QuestDB is the world's fast growing time-series database. It offers premium ingestion throughput, enhanced SQL analytics that can power through analysis, and cost-saving hardware efficiency. It's open source and integrates with many tools and languages.

One of the most common uses of a time-series database is visualizing data on a dashboard to inform business decisions. This tutorial will show you how to connect QuestDB and Apache Superset. QuestDB is an open-source time-series database and Apache Superset is an open-source data exploration and visualization platform. By combining these, you can create a dashboard displaying data from multiple tables.
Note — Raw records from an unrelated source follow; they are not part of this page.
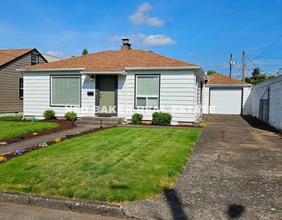 Building Photo - 3Bd/1Ba Single Story Home - For viewing!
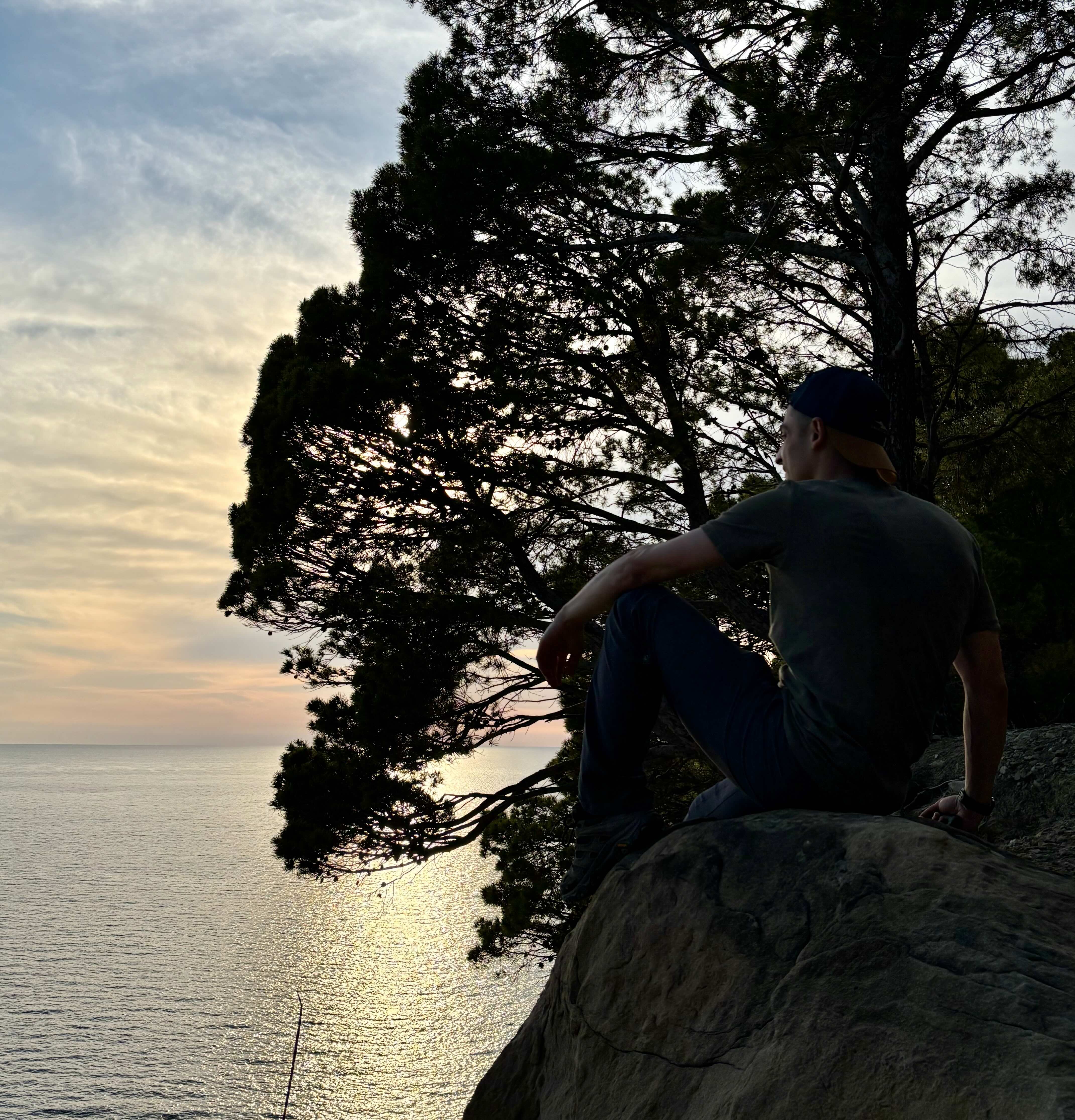Io seduto su una roccia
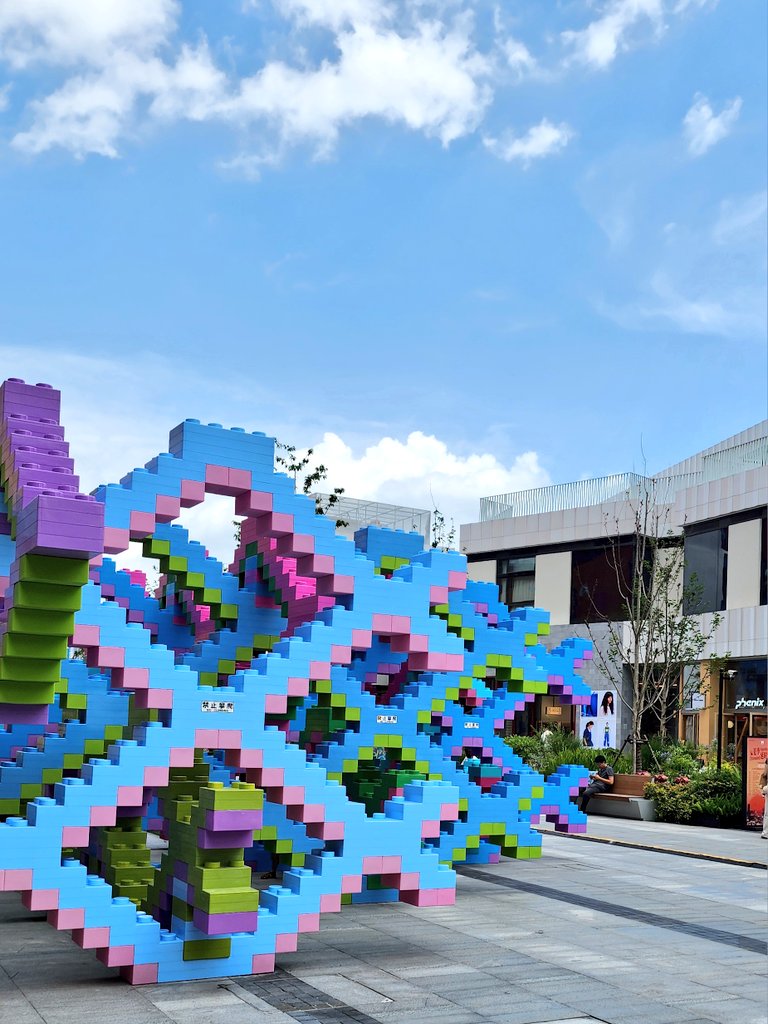 merci_memories's tweet photo. 🤖+🕹️
#Shanghai #LEGO #GateM #上海 #レゴ #西岸 https://t.co/5unqIN45DS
Installing and starting QuestDB

If you are not yet using QuestDB, or if you are using a version lower than 7.1.2, please refer to our documentation. In my case, I start a QuestDB instance (with ephemeral storage) using Docker:

docker run \
-p 9000:9000 -p 9009:9009 -p 8812:8812 -p 9003:9003 \
questdb/questdb:7.1.2

The datasets

We will be working with two datasets that we need to download and import into QuestDB. The first one represents taxi rides in the city of New York. The original dataset is very large. Therefore, we are going to work with a subset that represents a few minutes of taxi rides on January 1st, 2018. You can download and import the dataset from the command line using curl:

curl https://raw.githubusercontent.com/javier/questdb-quickstart/main/trips.csv > trips_2018.csv
curl -F data=@trips_2018.csv 'http://localhost:9000/imp?overwrite=false&name=trips_2018&timestamp=pickup_datetime&partitionBy=DAY'

The second dataset represents energy consumption and next-day forecast at 15-minute intervals for a few European countries. We have curated a subset of the original dataset containing data for 2018. Download the data and import it to QuestDB with:

curl https://raw.githubusercontent.com/javier/questdb-quickstart/main/energy_2018.csv > energy_2018.csv
curl -F schema='[{"name":"timestamp", "type": "TIMESTAMP", "pattern": "yyyy-MM-dd HH:mm:ss"}]' -F data=@energy_2018.csv 'http://localhost:9000/imp?overwrite=false&name=energy_2018&timestamp=timestamp&partitionBy=MONTH'

If you visit your QuestDB web interface at http://localhost:9000, you should see the two new tables. You should have 999 rows in the trips_2018 table and 205189 rows in the energy_2018 table.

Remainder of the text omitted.